Оказалось, что здоровяк, которого можно было представить разве что с кузнечным молотом в руках, неплохо обращался с тоненькими кистями и писал образа, за которыми приезжали не только из Москвы, а, почитай, со всего света.
Панкрат первым делом справился у Алексея о больнице, о которой мимоходом упомянул Кузьма. Монах подтвердил: на территории монастыря действительно располагалась оборудованная по последнему слову медицинской техники больница с диагностическими палатами и многофункциональными операционными. А работали в ней врачи, которые собирались стать монахами. Это, по словам Алексея, было их послушанием.
– А что такое послушание? – спросил Панкрат.
– Это как испытание, проверка, – ответил Алексей. – Кого-то, например, в сиротские приюты отец-настоятель отправляет, за детьми приглядывать. Илья вон образа рисует.

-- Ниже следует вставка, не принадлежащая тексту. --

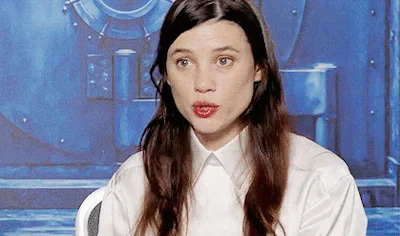Leah Badway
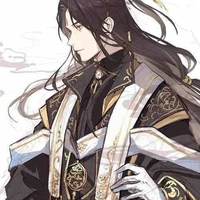 Hoàng Đế Tần Quốc - Tần Hoàng Dương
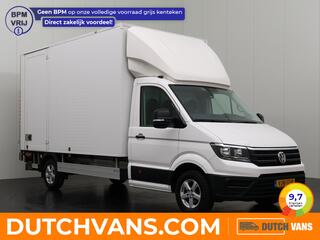 volkswagen-crafter-2.0tdi-bakwagen+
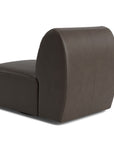 Clyde Armless Swivel Chair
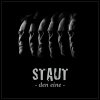 Staut - Album Den eine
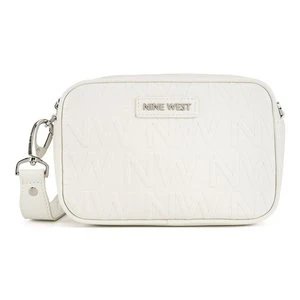 NINE WEST LX10049 Biały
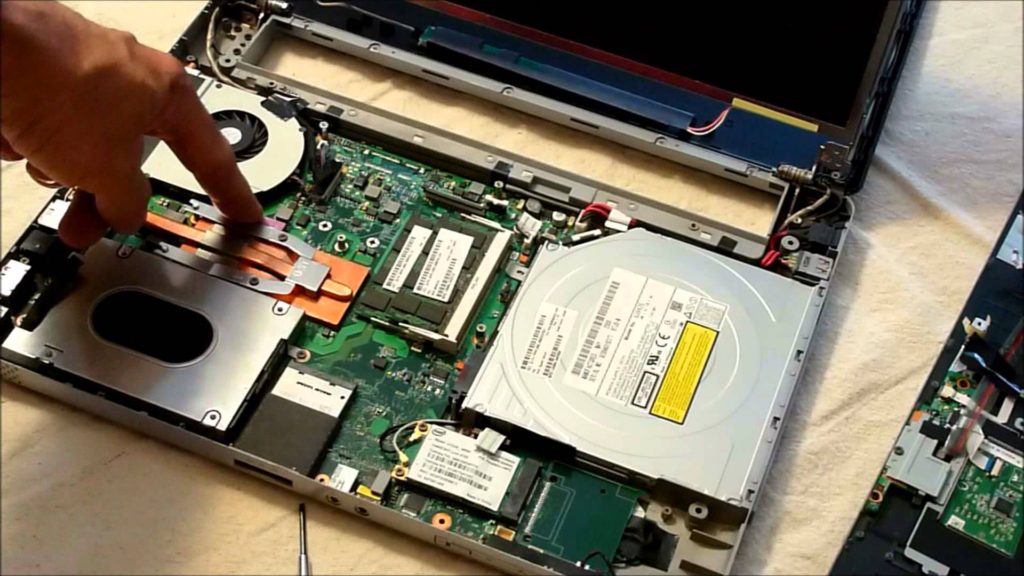 laptop-repair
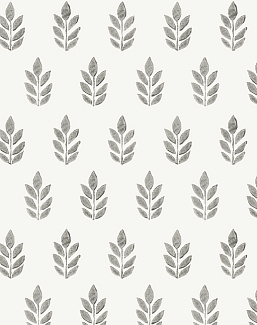 Обои Wallquest Flora&Fauna 3122-11300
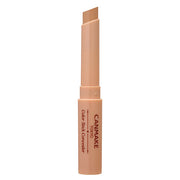 Canmake Color Stick Concealer 03 Apricot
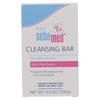 Baby Cleansing Bar 100 Grams, Pack of 1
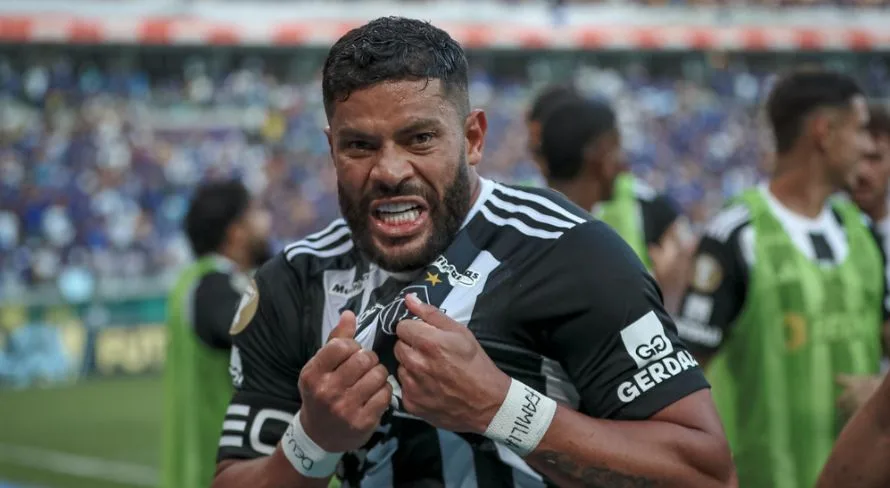 Flavio Prado não crava terceira força e deixa aviso sobre dois clubes milionários do Brasil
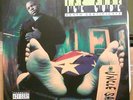 Ice Cube:Death Certificate LP Original Vinyl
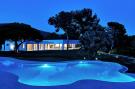 Holiday homeSpain - : Can Taurino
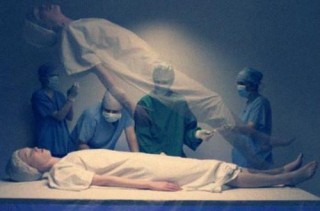 有科學家實驗得出：人類靈魂重21克？這種說法靠譜嗎？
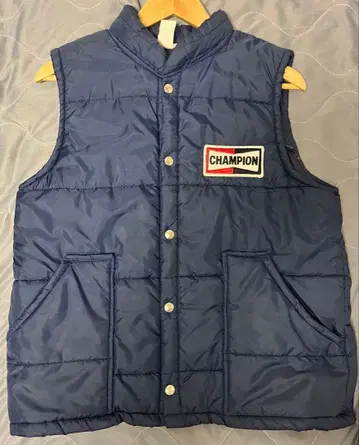 70s 챔피언 스파크 플러그 베스트 레이싱 다운 베스트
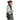 Stole Donna Emme - Emmcampo 2625546031 - Panna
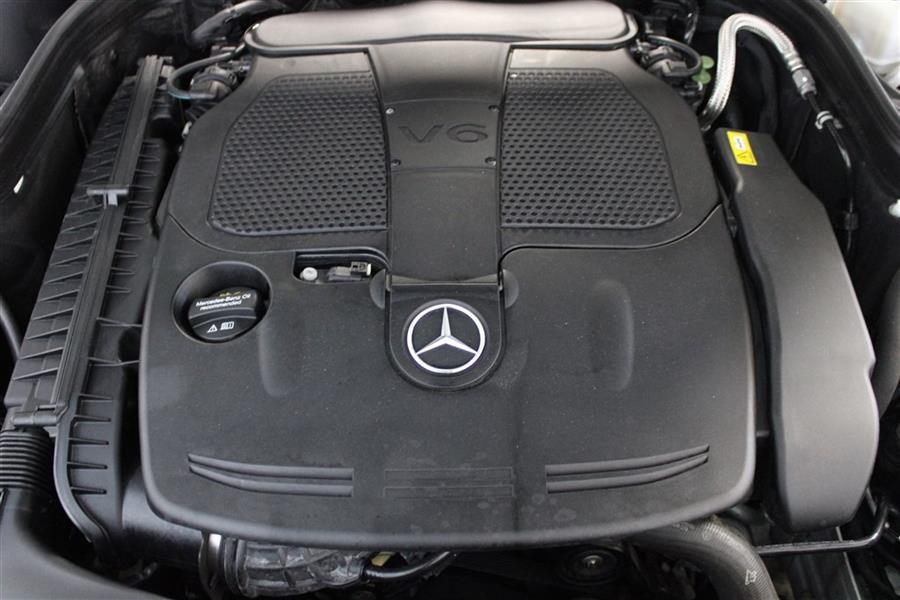 Used Mercedes-benz e 350 4MATIC 2016 | Fast Track Motors. Paterson, New Jersey Used Mercedes-benz e 350 4MATIC 2016 | Fast Track Motors. Paterson, New Jersey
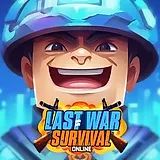 play Last War: Survival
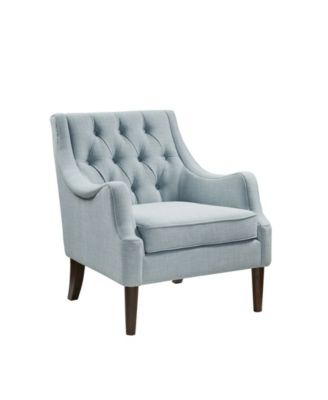 Furniture - Qwen Accent Chair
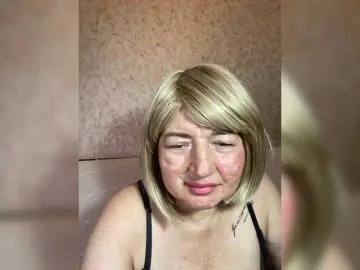 Bongacams Best live sex cam show of SVETIKBOMBOCHKA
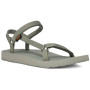Дамски сандали Teva Original Universal Slim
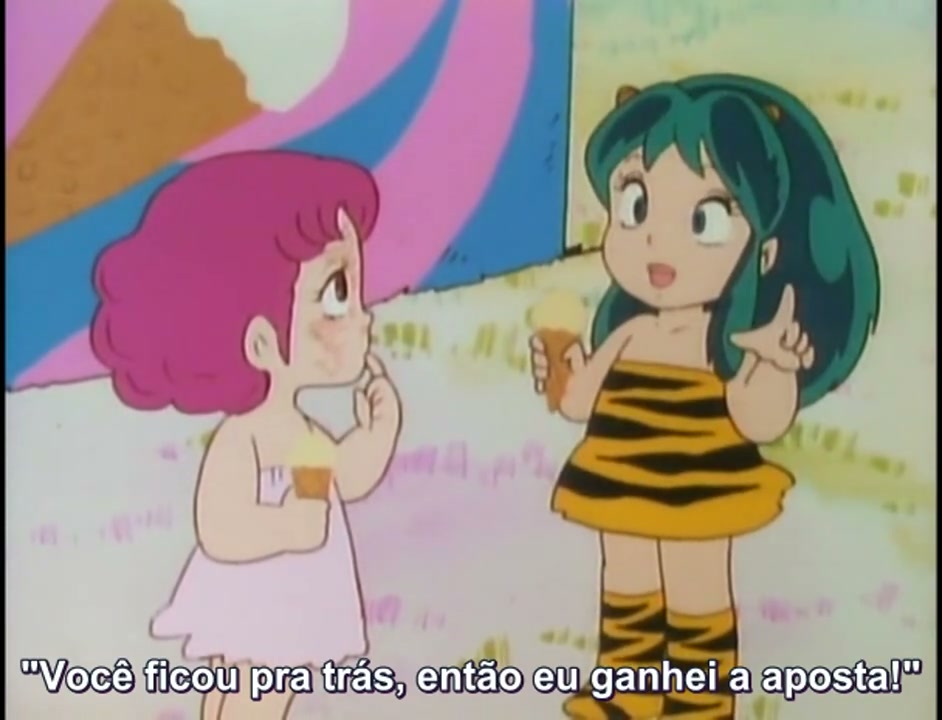 Episódio 103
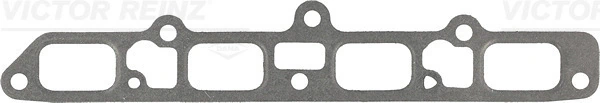 Gasket, intake manifold housing 71-36114-00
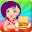 Beach Bar Restaurant Games Download on Windows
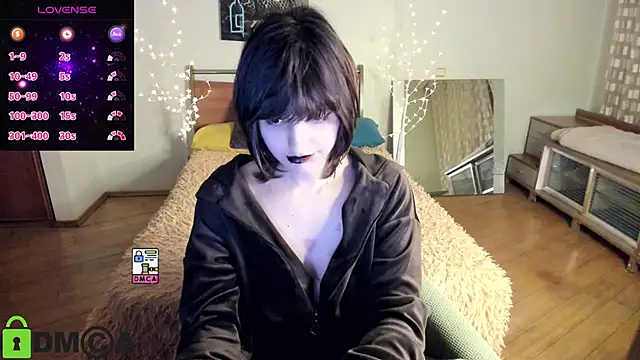 A Skyy online show from 04/29/26, 08:26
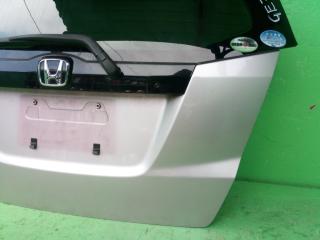 Дверь задняя HONDA FIT GE7 5 ракурс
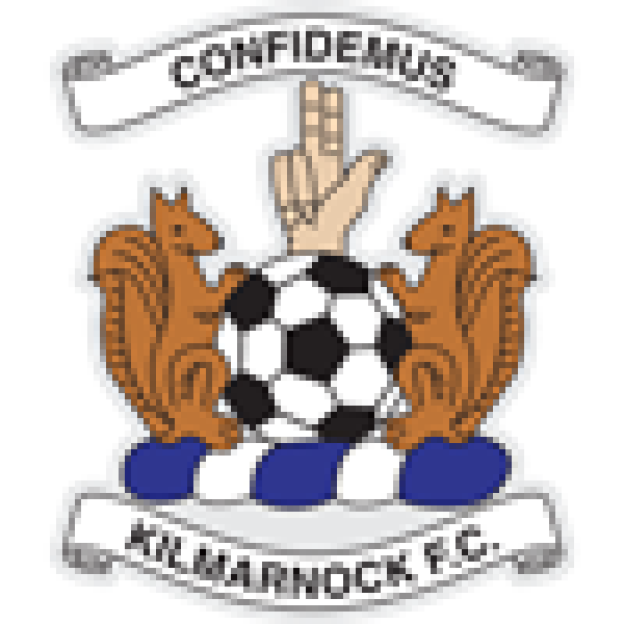 Kilmarnock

В больнице – тоже послушание. Они ведь там не за деньги работают, а из любви к ближнему, которая есть обратная сторона любви к Господу. А послушанием это называется потому, что человек узнает, насколько он покорен обстоятельствам и таким же, как сам, людям. Сказано ведь: непокорный человеку – непокорный и Богу. Не выдержит кто-нибудь, ослушается, возгордится, осерчает в сердце своем – и все.
Что означает это «все», Алексей так и не уточнил. Панкрат же не стал его расспрашивать: как-то неловко ему было слышать богословский слог из уст бесшабашного Лехи по прозвищу Кришнаит, вместе с которым они выбирались из множества передряг в Чечне.
Да, вздохнул он про себя, неисповедимы пути Господни.
Вечером того же дня Алексея вызвал настоятель. Предстояло каким-то образом объяснить пропажу «мерседеса» и появление в монастыре несовершеннолетней девицы. А также то, чем занимались в столице братья Илья, Феодор и Кузьма, который по возвращении сразу же засел за свой стационарный компьютер и не показывался даже к обеденной трапезе.
– Понимаешь, – ответил он Панкрату на просьбу посмотреть, что за информацию удалось вытащить из «Мнемосины». – Мне еще дня два – если только Господь не смилуется – ломать ту защиту, в которую этот файл ихние спецы завернули. Я по атрибутам его опознал, а прочесть пока что не могу. У них в сети алгоритм специальный автоматически выполняется, а у меня его нет. Можно было, конечно, подольше порыться, но тогда они нас точно за горячим бы заспели. Сечешь?
– Ни бум-бум я в твоей электронике, – вздохнул Панкрат. – Ладно, ковыряйся. Но как только получится – сразу…
– Понял-понял, – поспешил заверить его Кузьма. – Среди ночи разбужу, будь уверен. Главное – чтобы настоятель епитимью не наложил на недельку.
– Ты по-человечески говори, – нахмурился Панкрат. – Уж больно это слово на эпидемию похоже.
– Наказание такое, – усмехнулся хакер. – Типа как гауптвахта за самоволку.
– Теперь ясно, – нахмурился Панкрат. – Слушай, Кузьма, нельзя тебе епитимью. Я не знаю, на что именно способен человек, информацию о котором мы искали, но уверен, что на многое. Тут время терять нельзя. Ты уж настоятелю объясни.
– Алексей объяснит, – произнес Кузьма. – Если послушает его отец, тогда все обойдется. А если нет…
– Тогда я сам с ним поговорю, – твердо проговорил Панкрат.
Хакер как-то странно на него посмотрел и, слабо улыбнувшись, кивнул.
В тот вечер Алексей пришел в каморку, где расположились Панкрат и Люся, с лицом чернее тучи.
– Что случилось? – стараясь, чтобы его голос звучал спокойно, спросил Панкрат. – Епитимью наложили?
Монах метнул на него быстрый взгляд, вздохнул.
– Да нет, – было видно, что вариант с епитимьей устраивал его намного больше. – Послушание отец настоятель подобрал нехилое.
Панкрат вопросительно изогнул бровь.
– В смысле?
– На Валаам ехать, – ответил Алексей. – Там месяц служить молебны и каяться… Эх, попутал меня лукавый этот «мерседес» из стойла выгнать! – в сердцах вдруг вырвалось у него.
У Панкрата от удивления вытянулось лицо. Не выдержав, он через секунду расхохотался. Люся, которая лежала в своем спальнике и уже начинала дремать, испуганно подхватилась и села, переводя с одного на другого непонимающий взгляд.
– В тачке все дело, да?! – Панкрат утер выступившие слезы тыльной стороной ладони. – Вот это номер!
Внезапно посерьезнев, он спросил Алексея:
– Поедешь?
Тот открыл было рот, но так ничего и не ответил. На бесхитростном лице монаха красноречиво отразилась внутренняя борьба, которая в этот момент происходила в его душе.